Les étincelles continuaient à scintiller là-bas.

Autant que Patrice Belval pouvait en juger, cela s’élevait du côté de la Seine, entre deux points extrêmes qui eussent été le Trocadéro, à gauche, et la gare de Passy, à droite.

- Donc, se dit-il, à deux ou trois kilomètres au plus à vol d’oiseau. Allons-y. Nous verrons bien.

Au second étage, un peu de lumière filtrait par la serrure d’une porte. Ya-Bon habitait là, et l’officier savait par la surveillante que Ya-Bon jouait aux cartes avec son flirt. Il entra.

Ya-Bon ne jouait plus. Il s’était endormi dans un fauteuil devant les cartes étalées, et, sur la manche retournée qui pendait à l’épaule gauche, reposait une tête de femme — une tête de la plus effarante vulgarité, dont les lèvres épaisses comme celles de Ya-Bon s’ouvraient sur des dents noires, et dont la peau grasse et jaune semblait imprégnée d’huile.
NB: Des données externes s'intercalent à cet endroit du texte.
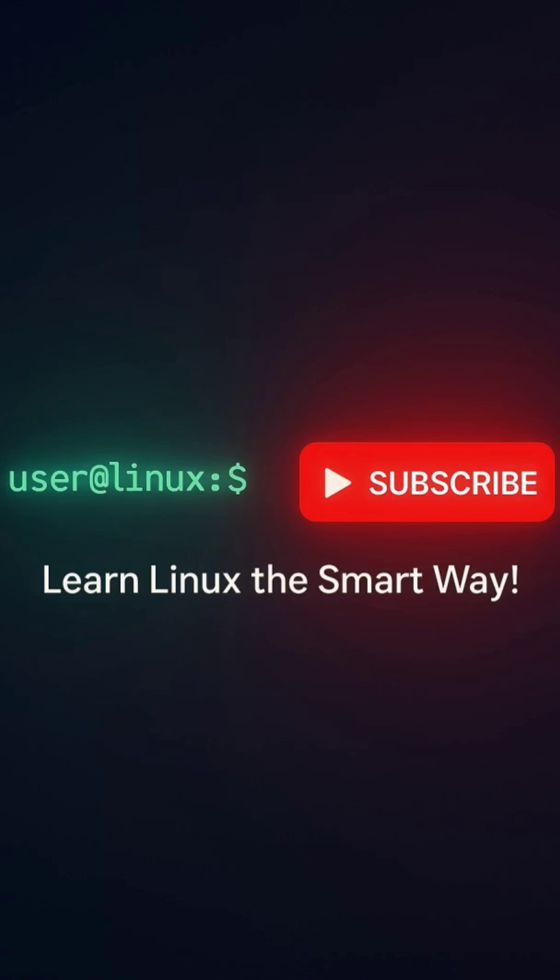Now you know how Linux handles memory like a pro. If you found this useful, hit that like button, share it with your tech buddies, and don't forget to subscribe for more deep dive Linux content.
C’était Angèle, la fille de cuisine, le flirt de Ya-Bon. Elle ronflait.

Patrice les contempla avec satisfaction. Ce spectacle affirmait la justesse de ses théories. Si Ya-Bon trouvait une amoureuse, les plus mutilés des héros ne pouvaient-ils pas prétendre, eux aussi, à toutes les joies de l’amour ?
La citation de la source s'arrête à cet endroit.